> _About this task_:
Within the records that follow, restate exactly the lines from the line with "丙氨酸为什么是极性分子（丙氨酸的极性与谷氨酸的极性比较）" down to the line with "Steps PINK Puppies posted by vemdetta65", including both. Omit the pictures.

Start of Records provided

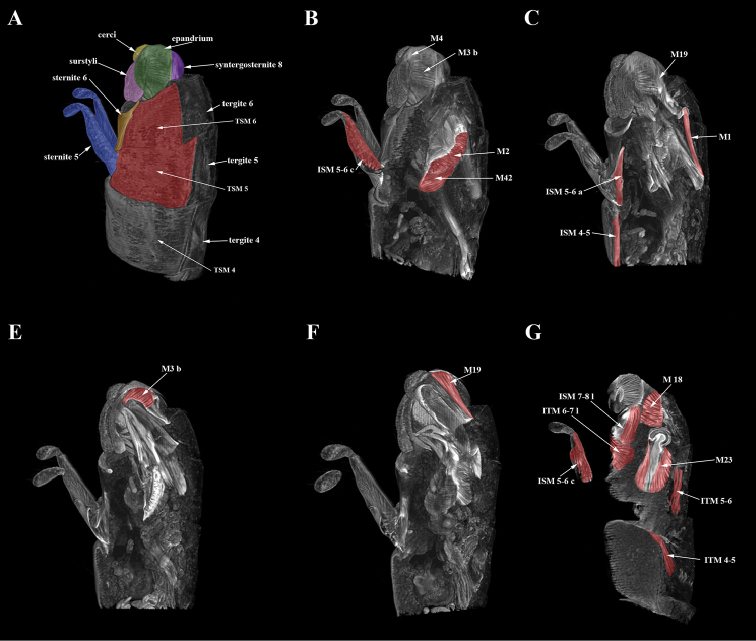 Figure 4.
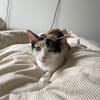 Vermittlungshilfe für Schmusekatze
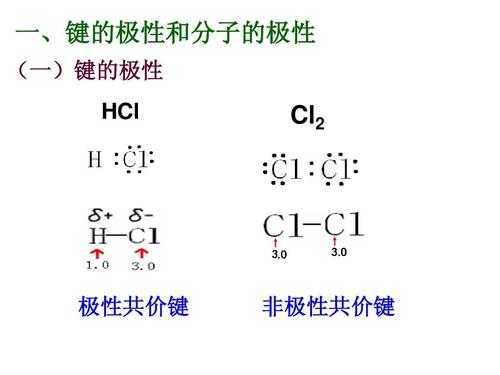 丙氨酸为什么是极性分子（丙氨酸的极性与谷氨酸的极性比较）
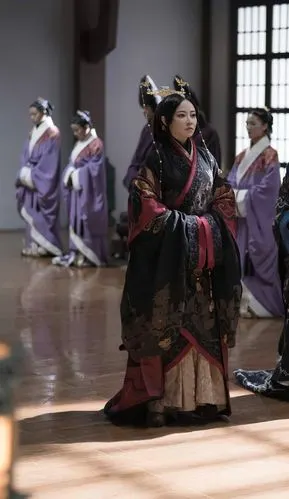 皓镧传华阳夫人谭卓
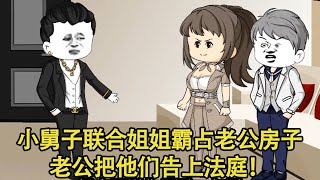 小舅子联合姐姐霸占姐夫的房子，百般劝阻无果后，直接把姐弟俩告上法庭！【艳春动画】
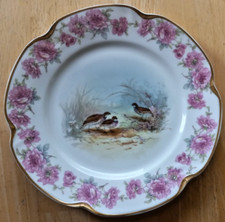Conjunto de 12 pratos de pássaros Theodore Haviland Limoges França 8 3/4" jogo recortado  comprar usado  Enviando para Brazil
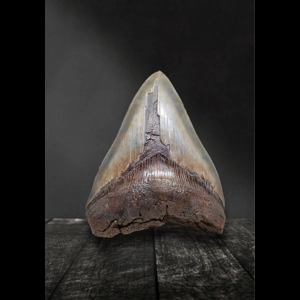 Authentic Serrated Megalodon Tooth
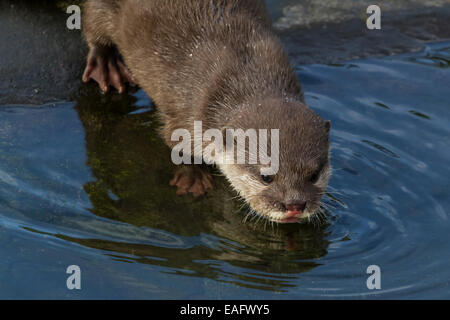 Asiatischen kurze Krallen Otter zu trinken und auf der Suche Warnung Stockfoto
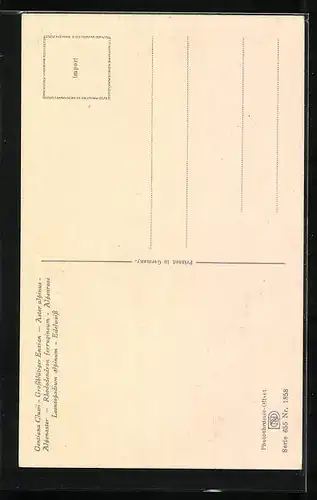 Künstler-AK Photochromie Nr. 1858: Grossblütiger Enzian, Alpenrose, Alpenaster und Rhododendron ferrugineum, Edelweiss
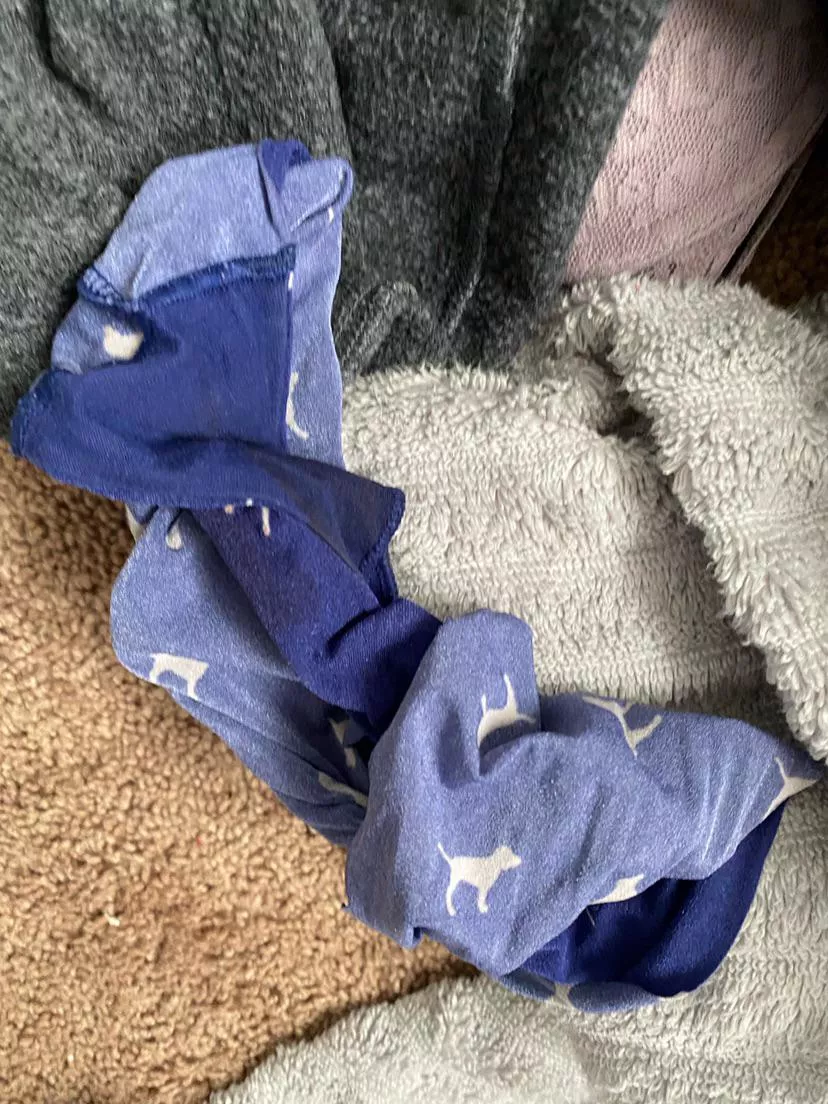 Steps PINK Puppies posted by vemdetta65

End of Records provided
Start of Records provided

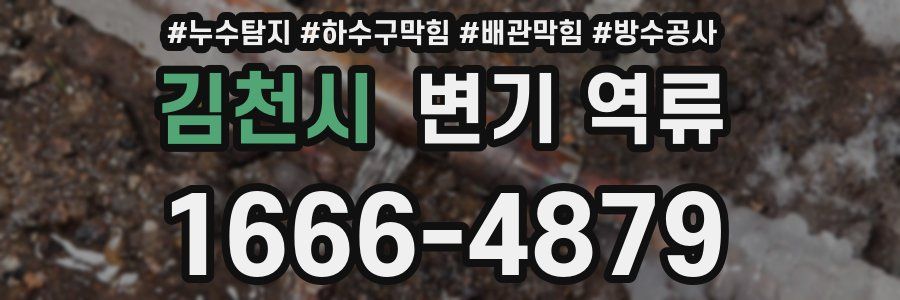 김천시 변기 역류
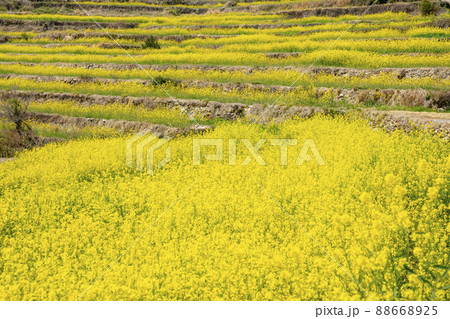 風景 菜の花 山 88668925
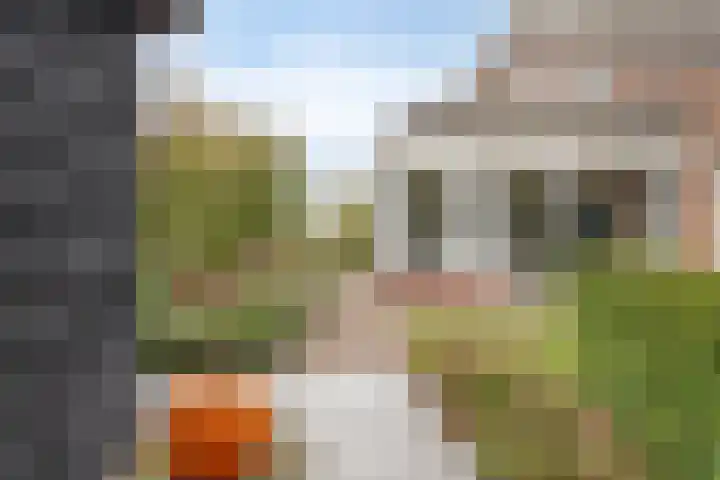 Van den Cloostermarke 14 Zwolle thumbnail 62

End of Records provided

> _Answer for the task_:
 丙氨酸为什么是极性分子（丙氨酸的极性与谷氨酸的极性比较）
 皓镧传华阳夫人谭卓
 小舅子联合姐姐霸占姐夫的房子，百般劝阻无果后，直接把姐弟俩告上法庭！【艳春动画】
Conjunto de 12 pratos de pássaros Theodore Haviland Limoges França 8 3/4" jogo recortado  comprar usado  Enviando para Brazil
 Authentic Serrated Megalodon Tooth
 Asiatischen kurze Krallen Otter zu trinken und auf der Suche Warnung Stockfoto
 Künstler-AK Photochromie Nr. 1858: Grossblütiger Enzian, Alpenrose, Alpenaster und Rhododendron ferrugineum, Edelweiss
 Steps PINK Puppies posted by vemdetta65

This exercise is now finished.